Work order: The entries shown here must be retyped in full, with no pictures included.

Crawled caption data:
Content starts
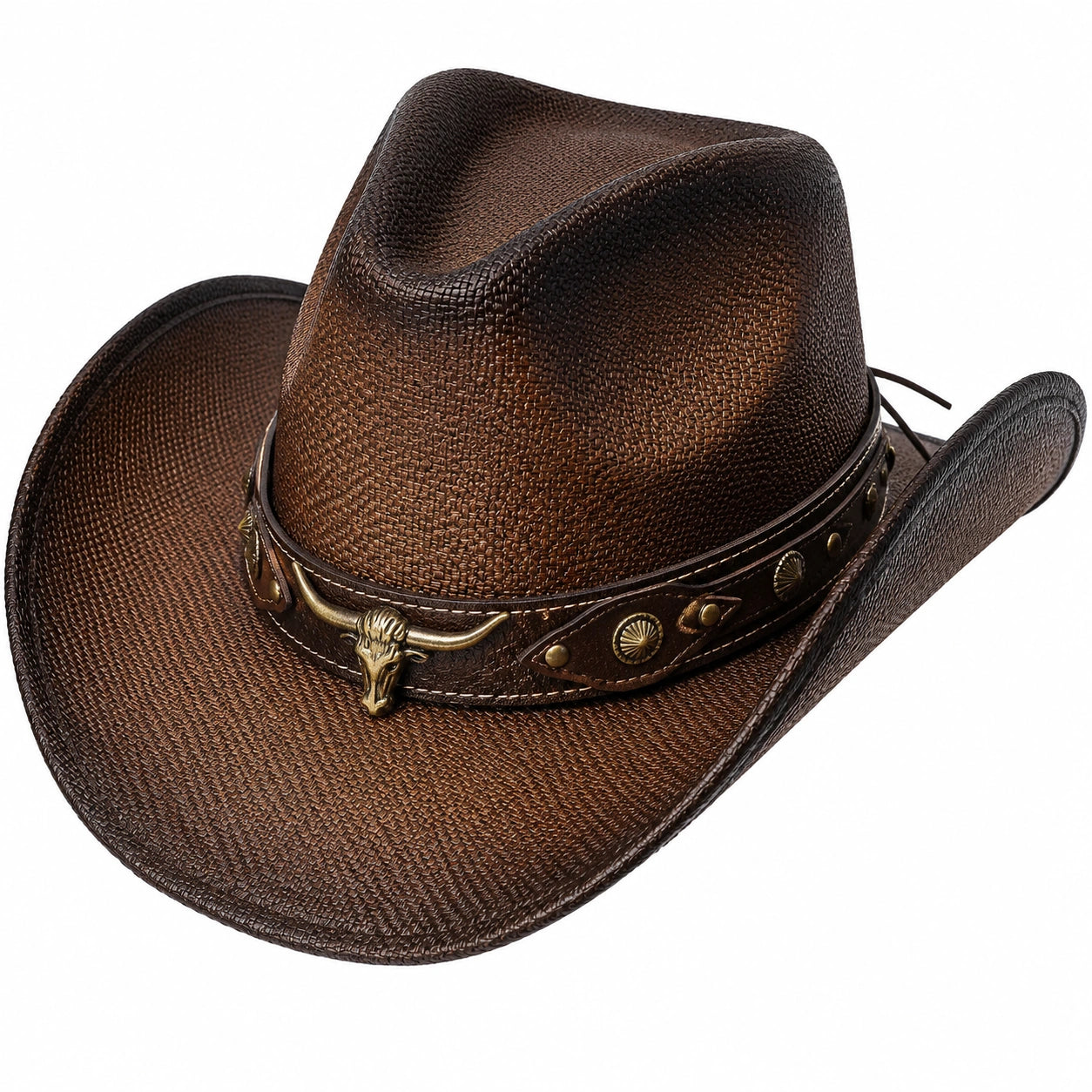 Chapeau de Cowboy Bleu avec Ceinture Tressée Décorative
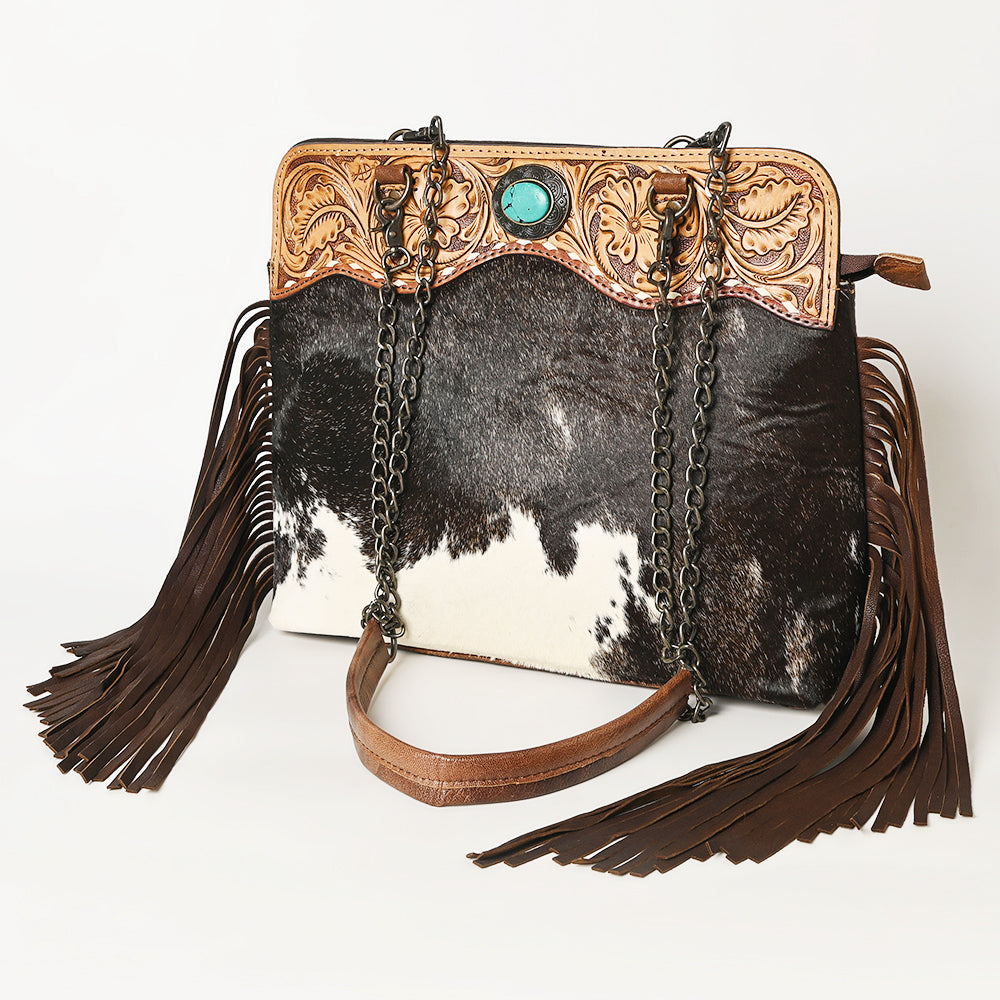 American Darling Large Western Crossbody Handcrafted from Hair-On Cowhide & Tooled Leather | Fringe, Chain Detail & Concho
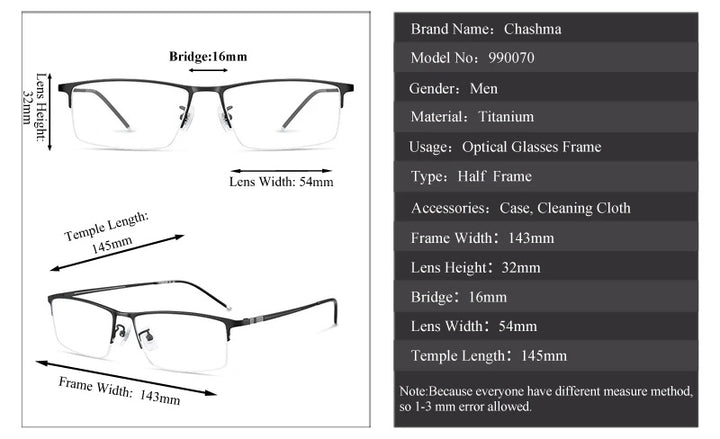 Chashma Ottica Mens Semi Rim Square Brow Line Titanium Eyeglasses 99070 — view 1 | Chashma Ottica at FuzWeb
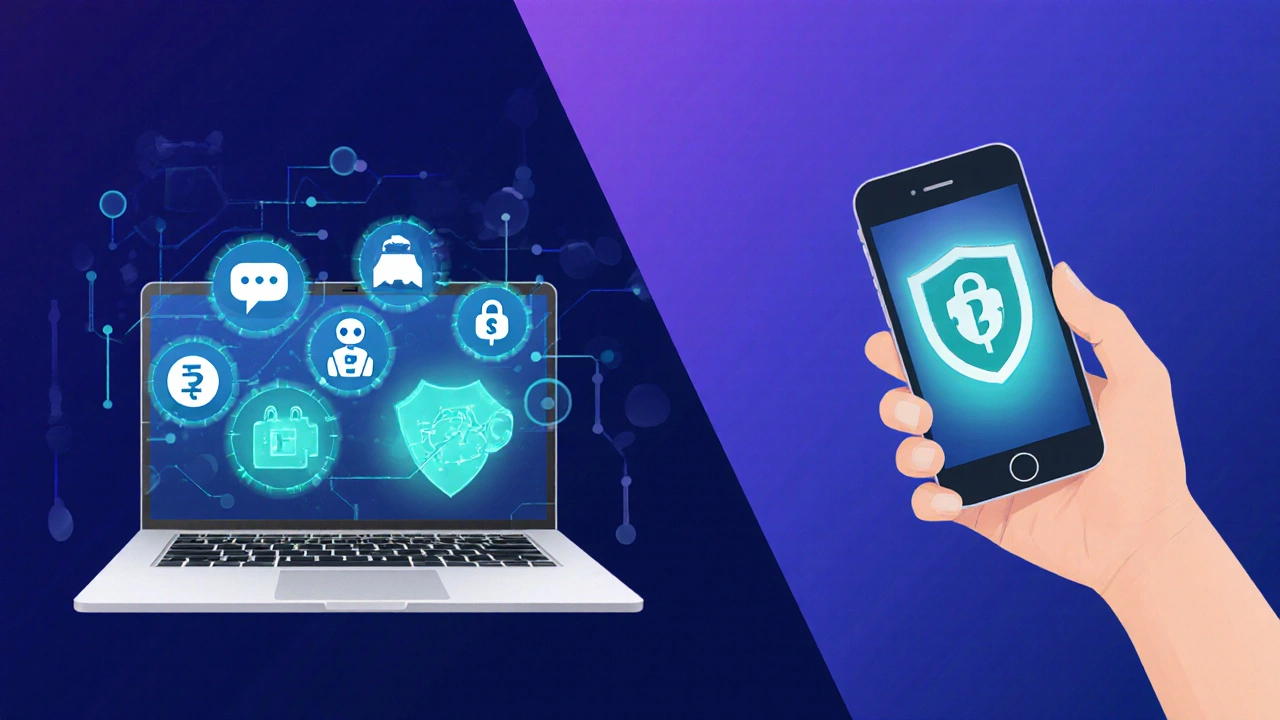 Illustration of laptop and phone showing AI chat, crypto wallet, and VPN icons.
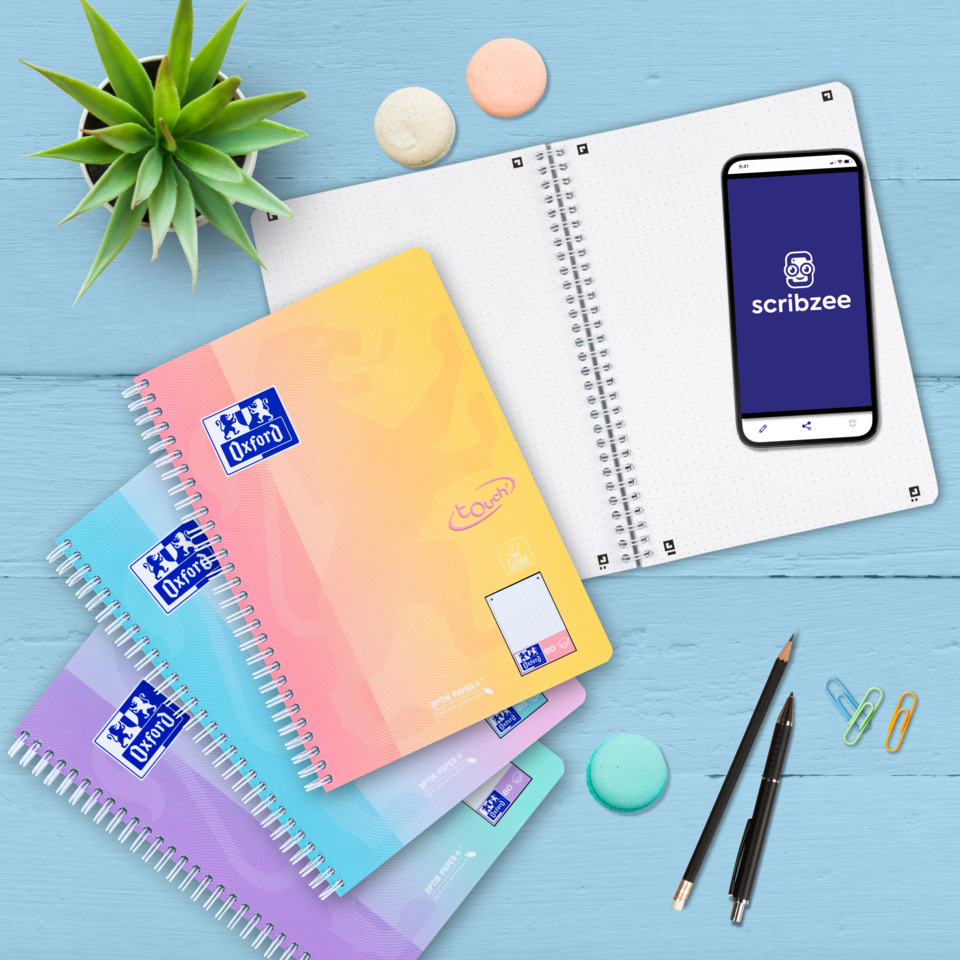 notebooks, spiralbound, Oxford brand, colorful, stationery set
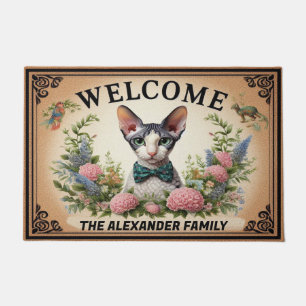 Felpudo Bienvenido a la Moda floral del gato rex de Cornua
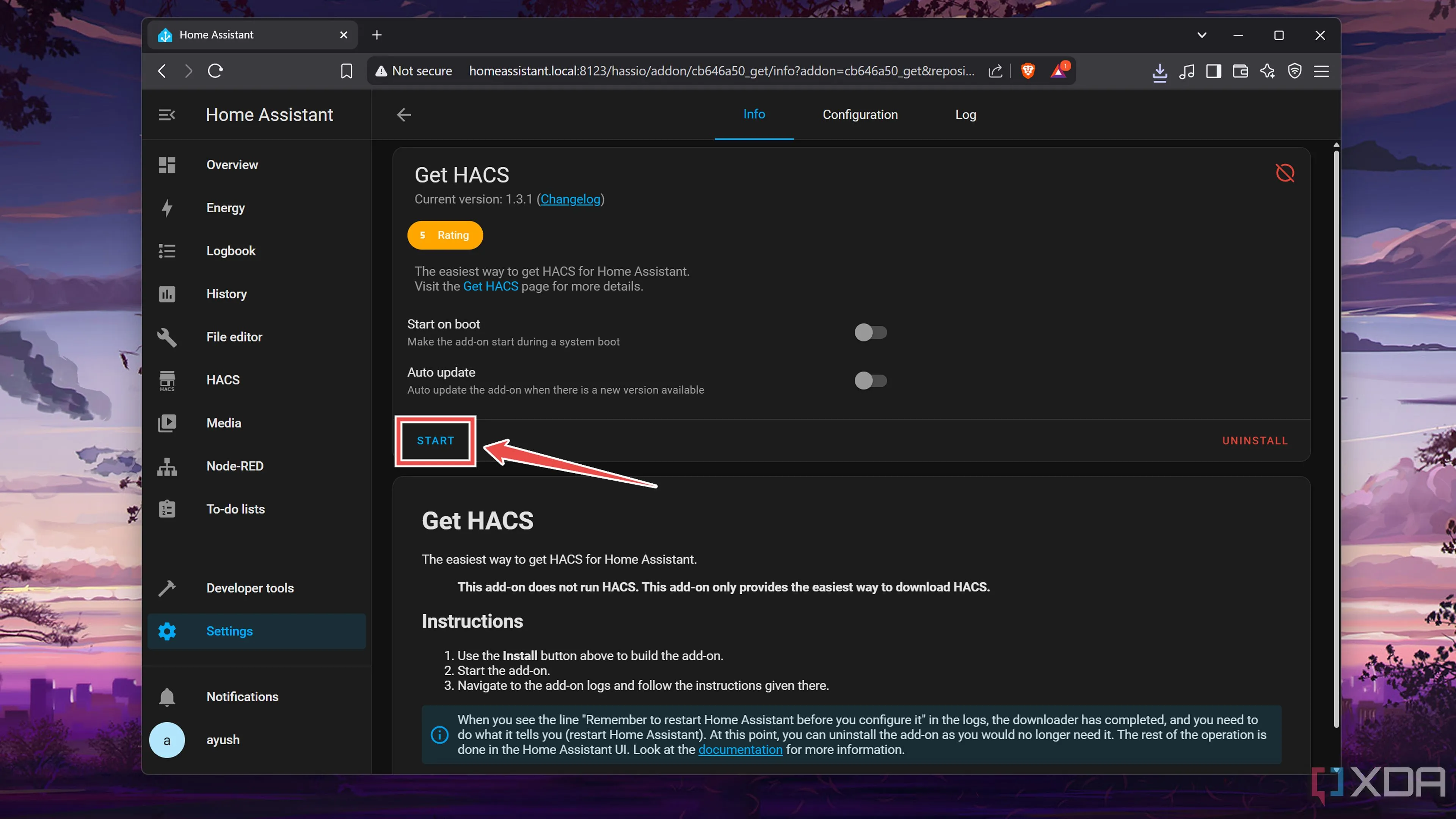 Nút &quot;Install&quot; và &quot;Start&quot; cho tiện ích Get HACS trong Home Assistant.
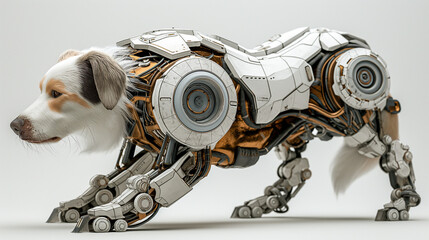 The highest technology of the animal for future isolated on white background. Generative AI Illustration.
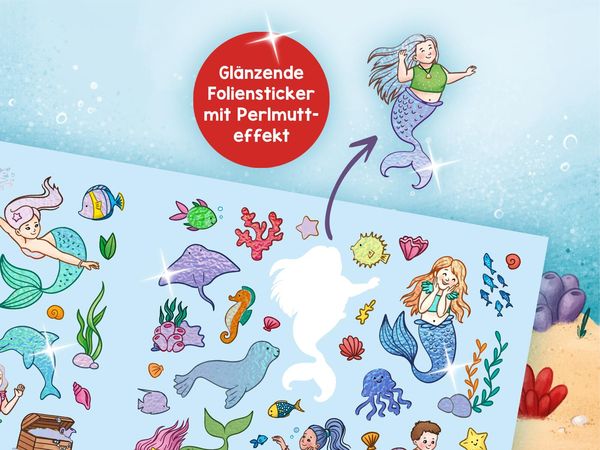 Produktbild: Mein schillerndes Stickerheft &ndash; Im Reich der Meerjungfrauen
Content ends
Task output:
 Chapeau de Cowboy Bleu avec Ceinture Tressée Décorative
 American Darling Large Western Crossbody Handcrafted from Hair-On Cowhide & Tooled Leather | Fringe, Chain Detail & Concho
 Chashma Ottica Mens Semi Rim Square Brow Line Titanium Eyeglasses 99070 — view 1 | Chashma Ottica at FuzWeb
 Illustration of laptop and phone showing AI chat, crypto wallet, and VPN icons.
 notebooks, spiralbound, Oxford brand, colorful, stationery set
 Felpudo Bienvenido a la Moda floral del gato rex de Cornua
 Nút &quot;Install&quot; và &quot;Start&quot; cho tiện ích Get HACS trong Home Assistant.
 The highest technology of the animal for future isolated on white background. Generative AI Illustration.
 Produktbild: Mein schillerndes Stickerheft &ndash; Im Reich der Meerjungfrauen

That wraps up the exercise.